Data =
※ ※ ※

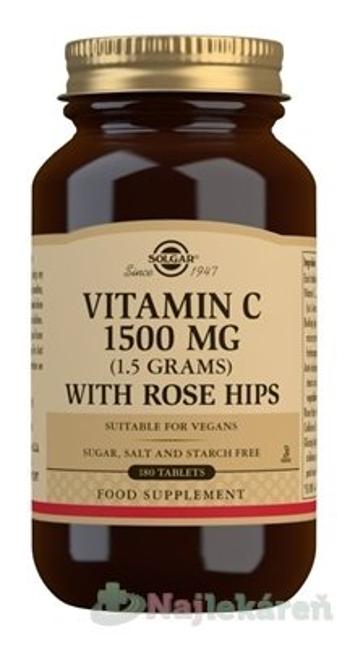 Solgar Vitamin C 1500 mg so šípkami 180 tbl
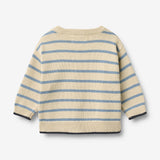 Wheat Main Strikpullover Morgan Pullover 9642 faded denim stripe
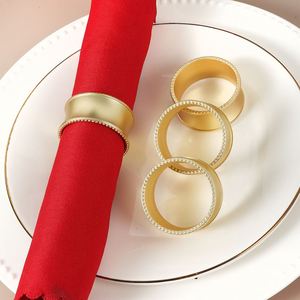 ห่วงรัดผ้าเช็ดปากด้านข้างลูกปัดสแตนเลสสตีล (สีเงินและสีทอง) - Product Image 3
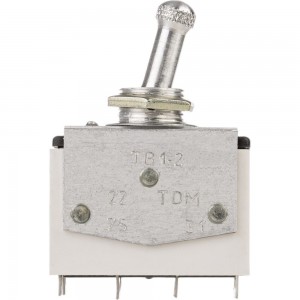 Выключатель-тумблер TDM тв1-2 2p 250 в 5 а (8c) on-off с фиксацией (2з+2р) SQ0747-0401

※ ※ ※

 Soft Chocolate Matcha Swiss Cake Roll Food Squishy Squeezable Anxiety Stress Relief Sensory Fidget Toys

※ ※ ※

What to produce = Beginning with the line that contains "Solgar Vitamin C 1500 mg so šípkami 180 tbl", write out the lines of the material above exactly, and end with the line that contains "Выключатель-тумблер TDM тв1-2". Omit the pictures.

Result for this exercise =
 Solgar Vitamin C 1500 mg so šípkami 180 tbl
 Wheat Main Strikpullover Morgan Pullover 9642 faded denim stripe
 ห่วงรัดผ้าเช็ดปากด้านข้างลูกปัดสแตนเลสสตีล (สีเงินและสีทอง) - Product Image 3
 Выключатель-тумблер TDM тв1-2 2p 250 в 5 а (8c) on-off с фиксацией (2з+2р) SQ0747-0401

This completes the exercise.